Welcome to the Visual Localization and Mapping Workshop organized at CVPR 2024 in Seattle, WA.

Topic

Visual localization and mapping is a fundamental aspect of computer vision, with applications ranging from autonomous robotics to augmented reality. This workshop aims to bring together researchers, practitioners, and enthusiasts in the field to discuss the latest developments, challenges, and applications of visual localization and mapping. The workshop will provide a platform for sharing insights, fostering collaborations, and exploring the cutting-edge research that underpins this crucial area of computer vision.

Topics that will be covered in the workshop:

SLAM (Simultaneous Localization and Mapping): Discuss the state-of-the-art SLAM algorithms, including both monocular, multi-sensor, and deep learning-based approaches.
Visual Odometry: Explore techniques for estimating the motion of a camera using visual data, and its applications in navigation and robotics.
3D Reconstruction: Present research on 3D scene reconstruction from images and discuss its role in mapping and localization.
Semantic Mapping: Highlight approaches that incorporate semantic information into mapping and localization tasks, enhancing scene understanding.
Deep Learning for Visual Localization: Discuss the integration of deep learning techniques, such as CNNs, Transformers, etc., in visual localization and mapping.
Large-Scale Mapping: Examine methods for handling large-scale environments and their implications for real-world applications.
Sensor Fusion: Explore the fusion of visual data with other sensors, such as LiDAR, IMU, and GNSS, for robust localization.
Localization in Challenging Environments: Address challenges such as low light and harsh weather conditions, dynamic scenes, and occlusions in localization and mapping.
Applications: Present real-world applications of visual localization and mapping, including robotics, autonomous vehicles, AR/VR, and more.
Benchmark Datasets and Evaluation Metrics: Discuss standardized datasets and evaluation criteria to measure the performance of localization and mapping algorithms.
Future Directions: Explore emerging trends and future research directions in the field, including the role of AI and machine learning.
Industrial and Commercial Use Cases: Showcase successful commercial implementations and case studies that demonstrate the practical value of visual localization and mapping.

Schedule

June 17, 2024 — ViLMa Workshop @ CVPR 2024
Room: Summit 327

NOTE: Times are shown in Pacific Daylight Time. Please take this into account if you are joining the workshop virtually.
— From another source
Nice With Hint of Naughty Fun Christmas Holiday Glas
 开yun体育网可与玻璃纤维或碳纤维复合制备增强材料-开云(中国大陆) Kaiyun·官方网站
09:00 - 09:10	Introduction to the Workshop
09:10 - 09:55	Vincent Lepetit - Invited Keynote Talk 1	Slides
09:55 - 10:40	Lukas von Stumberg - Invited Keynote Talk 2	Slides
10:40 - 11:10	Coffee Break (30 min)
11:10 - 11:55	Jakob Engel - Invited Keynote Talk 3	Slides
11:55 - 13:05	Lunch Break (70 min)
13:05 - 13:50	Peter Kontschieder - Invited Keynote Talk 4	Slides
13:50 - 14:35	Laura Leal-Taixé - Invited Keynote Talk 5	Slides
14:35 - 15:05	Coffee Break (30 min)
15:05 - 15:50	Sebastian Scherer - Invited Keynote Talk 6	Slides
15:50 - 16:35	Marc Pollefeys - Invited Keynote Talk 7
16:35 - 17:10	Panel Discussion
17:10 - 17:20	Closing Remarks

Keynote Speakers

Sebastian Scherer is an Associate Research Professor at the Robotics Institute (RI) at Carnegie Mellon University (CMU). His research focuses on enabling autonomy in challenging environments and previously led CMU’s entry to the SubT challenge. He and his team have shown several firsts for autonomy for flying robots and off-road driving. Dr. Scherer received his B.S. in Computer Science, M.S. and Ph.D. in Robotics from CMU in 2004, 2007, and 2010.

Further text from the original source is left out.